Mais il s’est passé 75 ans depuis la création de l’État d’Israël. Jusqu’à la fin des années 90, il n’y avait pas de demandeurs d’asile non juifs. La question ne s’est donc pas posée. Au fil des années, il y a eu ce durcissement, cette perception que le monde entier veut détruire Israël, qu’on doit ériger des murs autour de nous. Ce n’est pas un narratif totalement saugrenu : il y a une réalité stratégique. Il y a ce sentiment très répandu chez les Israéliens d’être vulnérables, à cause des pays qui nous entourent, ce sentiment qu’un jour les non-Juifs pourront nous vouloir du mal et donc qu’on doit se protéger démographiquement.

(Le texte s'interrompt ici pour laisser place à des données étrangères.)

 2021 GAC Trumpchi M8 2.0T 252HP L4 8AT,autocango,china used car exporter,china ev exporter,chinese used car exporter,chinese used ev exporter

Mon attitude est tout autre, je suis religieux et je m’inspire des textes. Je crois que c’est surtout une question de perception : est-ce qu’on se sent vulnérables ou forts ? Avec le gouvernement actuel, on a le sentiment d’être au bord du gouffre. Mais de manière générale, j’ai une haute idée de la société israélienne. L’avenir sera avec nous et pour nous, donc je ne me sens pas du tout menacé par quelques dizaines de milliers de demandeurs d’asile. J’ai de vrais rapports d’amitié avec eux et je peux témoigner qu’ils apportent une réelle richesse à la société israélienne. Ils nous présentent à nous – Juifs israéliens – une réelle opportunité de déterminer quel pourrait être un rapport de l’État juif avec les étrangers, fait de sensibilité et de compassion.